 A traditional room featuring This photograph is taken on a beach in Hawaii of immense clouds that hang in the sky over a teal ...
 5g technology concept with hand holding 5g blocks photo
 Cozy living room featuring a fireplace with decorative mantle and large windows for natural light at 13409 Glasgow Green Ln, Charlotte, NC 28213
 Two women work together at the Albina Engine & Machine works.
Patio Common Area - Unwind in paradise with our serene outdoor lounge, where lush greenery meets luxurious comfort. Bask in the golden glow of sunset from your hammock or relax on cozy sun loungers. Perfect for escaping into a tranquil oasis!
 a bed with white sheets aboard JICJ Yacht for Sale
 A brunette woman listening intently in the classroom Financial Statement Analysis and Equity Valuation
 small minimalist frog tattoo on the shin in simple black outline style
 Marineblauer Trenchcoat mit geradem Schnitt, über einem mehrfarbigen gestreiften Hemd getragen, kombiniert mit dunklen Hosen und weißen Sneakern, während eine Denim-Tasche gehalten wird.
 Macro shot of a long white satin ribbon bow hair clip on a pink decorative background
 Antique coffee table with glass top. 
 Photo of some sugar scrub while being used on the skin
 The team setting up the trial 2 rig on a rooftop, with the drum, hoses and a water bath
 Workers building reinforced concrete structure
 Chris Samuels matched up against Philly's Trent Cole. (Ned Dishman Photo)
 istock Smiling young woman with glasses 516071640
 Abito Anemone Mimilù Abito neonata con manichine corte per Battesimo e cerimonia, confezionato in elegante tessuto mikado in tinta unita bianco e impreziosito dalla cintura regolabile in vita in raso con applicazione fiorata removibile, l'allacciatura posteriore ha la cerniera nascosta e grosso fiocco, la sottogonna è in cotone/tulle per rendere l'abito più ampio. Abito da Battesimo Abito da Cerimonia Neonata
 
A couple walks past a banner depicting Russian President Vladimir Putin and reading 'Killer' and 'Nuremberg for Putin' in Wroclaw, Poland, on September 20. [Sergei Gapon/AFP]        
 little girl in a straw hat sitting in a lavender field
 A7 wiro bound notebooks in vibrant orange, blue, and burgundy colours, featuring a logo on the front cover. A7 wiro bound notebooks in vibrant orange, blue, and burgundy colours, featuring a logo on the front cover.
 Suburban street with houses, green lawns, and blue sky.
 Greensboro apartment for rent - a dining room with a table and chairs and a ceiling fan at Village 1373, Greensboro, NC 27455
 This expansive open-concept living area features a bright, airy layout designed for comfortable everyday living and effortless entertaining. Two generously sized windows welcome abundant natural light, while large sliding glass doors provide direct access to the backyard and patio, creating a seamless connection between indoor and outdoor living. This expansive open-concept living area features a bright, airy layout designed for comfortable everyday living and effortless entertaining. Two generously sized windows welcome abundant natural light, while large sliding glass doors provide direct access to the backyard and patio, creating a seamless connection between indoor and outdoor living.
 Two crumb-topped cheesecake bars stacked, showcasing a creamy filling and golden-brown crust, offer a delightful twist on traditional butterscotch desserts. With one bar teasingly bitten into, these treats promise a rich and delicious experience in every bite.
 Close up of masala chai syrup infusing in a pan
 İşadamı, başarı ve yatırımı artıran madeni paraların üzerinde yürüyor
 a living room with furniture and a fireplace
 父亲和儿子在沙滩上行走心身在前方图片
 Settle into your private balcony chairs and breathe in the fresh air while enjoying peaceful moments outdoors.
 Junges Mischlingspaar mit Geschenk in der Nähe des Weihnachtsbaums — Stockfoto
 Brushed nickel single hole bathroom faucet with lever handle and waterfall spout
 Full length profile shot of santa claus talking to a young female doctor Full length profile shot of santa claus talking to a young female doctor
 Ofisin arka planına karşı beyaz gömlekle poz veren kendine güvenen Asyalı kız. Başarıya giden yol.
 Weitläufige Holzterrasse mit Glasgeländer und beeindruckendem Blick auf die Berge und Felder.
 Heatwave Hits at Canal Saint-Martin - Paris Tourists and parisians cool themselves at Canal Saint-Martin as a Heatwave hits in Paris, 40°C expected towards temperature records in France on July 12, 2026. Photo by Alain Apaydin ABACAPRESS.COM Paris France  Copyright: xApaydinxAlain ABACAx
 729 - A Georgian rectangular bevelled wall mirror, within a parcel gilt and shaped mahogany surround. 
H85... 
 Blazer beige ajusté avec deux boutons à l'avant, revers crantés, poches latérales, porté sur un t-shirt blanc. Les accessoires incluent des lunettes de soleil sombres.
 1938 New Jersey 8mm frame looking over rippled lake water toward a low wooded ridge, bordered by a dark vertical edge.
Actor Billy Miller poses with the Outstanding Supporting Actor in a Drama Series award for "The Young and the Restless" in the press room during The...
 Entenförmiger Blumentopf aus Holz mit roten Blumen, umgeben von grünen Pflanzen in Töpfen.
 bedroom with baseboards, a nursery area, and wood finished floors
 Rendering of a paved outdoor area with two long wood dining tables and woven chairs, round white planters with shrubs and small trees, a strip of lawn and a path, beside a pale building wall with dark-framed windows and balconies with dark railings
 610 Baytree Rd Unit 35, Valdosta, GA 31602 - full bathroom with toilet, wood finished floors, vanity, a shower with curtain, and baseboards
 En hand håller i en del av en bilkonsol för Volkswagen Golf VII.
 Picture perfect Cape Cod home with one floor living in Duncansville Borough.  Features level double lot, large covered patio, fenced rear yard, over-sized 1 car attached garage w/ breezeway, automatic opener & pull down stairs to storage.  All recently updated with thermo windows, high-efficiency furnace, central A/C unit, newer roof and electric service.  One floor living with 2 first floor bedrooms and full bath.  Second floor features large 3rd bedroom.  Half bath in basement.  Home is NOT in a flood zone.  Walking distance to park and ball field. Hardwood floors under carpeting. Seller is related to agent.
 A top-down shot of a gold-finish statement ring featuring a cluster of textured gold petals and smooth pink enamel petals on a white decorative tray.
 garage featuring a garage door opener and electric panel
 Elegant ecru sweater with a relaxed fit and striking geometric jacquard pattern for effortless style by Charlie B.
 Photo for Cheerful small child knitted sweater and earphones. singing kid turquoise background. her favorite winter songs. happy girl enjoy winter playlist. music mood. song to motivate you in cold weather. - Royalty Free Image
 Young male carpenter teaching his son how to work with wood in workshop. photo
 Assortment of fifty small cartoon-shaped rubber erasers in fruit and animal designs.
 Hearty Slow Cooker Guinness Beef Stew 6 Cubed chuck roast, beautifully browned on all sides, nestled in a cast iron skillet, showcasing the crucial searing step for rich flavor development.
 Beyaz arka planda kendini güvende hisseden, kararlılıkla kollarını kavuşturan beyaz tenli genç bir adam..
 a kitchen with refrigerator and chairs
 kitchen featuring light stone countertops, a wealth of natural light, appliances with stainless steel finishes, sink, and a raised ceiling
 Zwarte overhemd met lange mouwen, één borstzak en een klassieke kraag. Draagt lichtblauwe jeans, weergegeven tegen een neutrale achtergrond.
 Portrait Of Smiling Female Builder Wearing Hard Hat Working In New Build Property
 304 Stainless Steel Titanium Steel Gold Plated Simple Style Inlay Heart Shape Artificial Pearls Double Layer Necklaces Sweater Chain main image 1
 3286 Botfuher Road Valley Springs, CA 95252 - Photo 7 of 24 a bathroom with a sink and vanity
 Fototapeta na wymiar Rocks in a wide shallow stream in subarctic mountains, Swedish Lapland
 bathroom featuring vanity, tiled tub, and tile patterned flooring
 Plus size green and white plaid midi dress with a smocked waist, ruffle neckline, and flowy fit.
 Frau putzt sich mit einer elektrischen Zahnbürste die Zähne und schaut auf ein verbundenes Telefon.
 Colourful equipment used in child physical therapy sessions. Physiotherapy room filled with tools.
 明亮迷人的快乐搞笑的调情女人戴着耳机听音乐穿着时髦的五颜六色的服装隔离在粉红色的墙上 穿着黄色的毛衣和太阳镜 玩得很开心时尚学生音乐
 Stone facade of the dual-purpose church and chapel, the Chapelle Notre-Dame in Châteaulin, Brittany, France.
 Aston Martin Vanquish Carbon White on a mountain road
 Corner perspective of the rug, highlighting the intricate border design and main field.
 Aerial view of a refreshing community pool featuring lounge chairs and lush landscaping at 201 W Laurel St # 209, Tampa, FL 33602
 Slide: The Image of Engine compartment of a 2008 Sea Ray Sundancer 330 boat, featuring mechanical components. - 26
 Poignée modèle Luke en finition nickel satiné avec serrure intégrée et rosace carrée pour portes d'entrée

——————————

» Task:
Search the listing above for the lines with "Brushed nickel single" and "Rendering of a", then output those lines and all lines between them exactly.

» Written solution:
 Brushed nickel single hole bathroom faucet with lever handle and waterfall spout
 Full length profile shot of santa claus talking to a young female doctor Full length profile shot of santa claus talking to a young female doctor
 Ofisin arka planına karşı beyaz gömlekle poz veren kendine güvenen Asyalı kız. Başarıya giden yol.
 Weitläufige Holzterrasse mit Glasgeländer und beeindruckendem Blick auf die Berge und Felder.
 Heatwave Hits at Canal Saint-Martin - Paris Tourists and parisians cool themselves at Canal Saint-Martin as a Heatwave hits in Paris, 40°C expected towards temperature records in France on July 12, 2026. Photo by Alain Apaydin ABACAPRESS.COM Paris France  Copyright: xApaydinxAlain ABACAx
 729 - A Georgian rectangular bevelled wall mirror, within a parcel gilt and shaped mahogany surround. 
H85... 
 Blazer beige ajusté avec deux boutons à l'avant, revers crantés, poches latérales, porté sur un t-shirt blanc. Les accessoires incluent des lunettes de soleil sombres.
 1938 New Jersey 8mm frame looking over rippled lake water toward a low wooded ridge, bordered by a dark vertical edge.
Actor Billy Miller poses with the Outstanding Supporting Actor in a Drama Series award for "The Young and the Restless" in the press room during The...
 Entenförmiger Blumentopf aus Holz mit roten Blumen, umgeben von grünen Pflanzen in Töpfen.
 bedroom with baseboards, a nursery area, and wood finished floors
 Rendering of a paved outdoor area with two long wood dining tables and woven chairs, round white planters with shrubs and small trees, a strip of lawn and a path, beside a pale building wall with dark-framed windows and balconies with dark railings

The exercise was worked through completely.